[[ DATA IN THIS EXERCISE, beginning ]]

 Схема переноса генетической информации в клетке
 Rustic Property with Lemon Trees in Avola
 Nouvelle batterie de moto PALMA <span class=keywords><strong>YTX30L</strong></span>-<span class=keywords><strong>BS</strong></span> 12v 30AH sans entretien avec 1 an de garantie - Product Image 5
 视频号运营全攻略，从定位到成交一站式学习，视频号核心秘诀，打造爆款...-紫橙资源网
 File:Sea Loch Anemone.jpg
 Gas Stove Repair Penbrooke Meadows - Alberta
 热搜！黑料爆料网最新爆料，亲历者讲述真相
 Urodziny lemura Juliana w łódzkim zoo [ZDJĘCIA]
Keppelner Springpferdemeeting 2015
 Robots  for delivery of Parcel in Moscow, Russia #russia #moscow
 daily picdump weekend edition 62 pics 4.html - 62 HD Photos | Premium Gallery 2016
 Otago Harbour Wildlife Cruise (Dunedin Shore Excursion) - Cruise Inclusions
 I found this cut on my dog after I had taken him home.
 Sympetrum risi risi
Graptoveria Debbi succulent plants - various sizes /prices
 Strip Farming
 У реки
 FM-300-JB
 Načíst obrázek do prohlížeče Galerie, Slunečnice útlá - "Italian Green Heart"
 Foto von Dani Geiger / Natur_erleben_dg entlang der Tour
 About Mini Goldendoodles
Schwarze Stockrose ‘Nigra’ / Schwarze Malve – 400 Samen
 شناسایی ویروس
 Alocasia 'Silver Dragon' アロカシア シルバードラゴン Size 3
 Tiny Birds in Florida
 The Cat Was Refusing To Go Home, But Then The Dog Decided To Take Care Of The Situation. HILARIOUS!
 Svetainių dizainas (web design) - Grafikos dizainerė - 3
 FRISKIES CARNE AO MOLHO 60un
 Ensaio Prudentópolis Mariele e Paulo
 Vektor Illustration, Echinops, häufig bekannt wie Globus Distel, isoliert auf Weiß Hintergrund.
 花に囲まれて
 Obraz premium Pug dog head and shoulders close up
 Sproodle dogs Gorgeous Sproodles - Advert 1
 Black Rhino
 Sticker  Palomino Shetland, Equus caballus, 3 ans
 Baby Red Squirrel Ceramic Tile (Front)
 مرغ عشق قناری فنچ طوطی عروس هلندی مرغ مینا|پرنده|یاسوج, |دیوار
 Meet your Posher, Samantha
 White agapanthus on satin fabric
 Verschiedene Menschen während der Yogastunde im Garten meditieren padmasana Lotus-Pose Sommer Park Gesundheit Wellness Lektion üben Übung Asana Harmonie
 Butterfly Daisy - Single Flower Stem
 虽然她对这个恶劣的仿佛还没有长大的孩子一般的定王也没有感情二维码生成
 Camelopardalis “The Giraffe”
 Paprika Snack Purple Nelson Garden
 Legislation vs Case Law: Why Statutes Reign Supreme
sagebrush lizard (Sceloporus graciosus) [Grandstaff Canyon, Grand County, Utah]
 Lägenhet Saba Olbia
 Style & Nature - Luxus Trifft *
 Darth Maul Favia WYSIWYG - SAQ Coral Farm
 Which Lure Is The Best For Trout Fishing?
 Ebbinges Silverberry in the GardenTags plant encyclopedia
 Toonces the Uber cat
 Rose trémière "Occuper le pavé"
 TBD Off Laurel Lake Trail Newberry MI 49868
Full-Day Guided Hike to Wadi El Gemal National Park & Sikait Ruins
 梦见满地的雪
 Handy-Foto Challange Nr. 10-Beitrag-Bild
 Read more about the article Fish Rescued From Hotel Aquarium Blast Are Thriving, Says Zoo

[[ DATA IN THIS EXERCISE, end ]]

--- WHAT YOU SHOULD DO ---
Exactly and only the lines from the one containing "مرغ عشق قناری" through the end of the material are to be reproduced, both ends included.

--- EXERCISE RESULT ---
 مرغ عشق قناری فنچ طوطی عروس هلندی مرغ مینا|پرنده|یاسوج, |دیوار
 Meet your Posher, Samantha
 White agapanthus on satin fabric
 Verschiedene Menschen während der Yogastunde im Garten meditieren padmasana Lotus-Pose Sommer Park Gesundheit Wellness Lektion üben Übung Asana Harmonie
 Butterfly Daisy - Single Flower Stem
 虽然她对这个恶劣的仿佛还没有长大的孩子一般的定王也没有感情二维码生成
 Camelopardalis “The Giraffe”
 Paprika Snack Purple Nelson Garden
 Legislation vs Case Law: Why Statutes Reign Supreme
sagebrush lizard (Sceloporus graciosus) [Grandstaff Canyon, Grand County, Utah]
 Lägenhet Saba Olbia
 Style & Nature - Luxus Trifft *
 Darth Maul Favia WYSIWYG - SAQ Coral Farm
 Which Lure Is The Best For Trout Fishing?
 Ebbinges Silverberry in the GardenTags plant encyclopedia
 Toonces the Uber cat
 Rose trémière "Occuper le pavé"
 TBD Off Laurel Lake Trail Newberry MI 49868
Full-Day Guided Hike to Wadi El Gemal National Park & Sikait Ruins
 梦见满地的雪
 Handy-Foto Challange Nr. 10-Beitrag-Bild
 Read more about the article Fish Rescued From Hotel Aquarium Blast Are Thriving, Says Zoo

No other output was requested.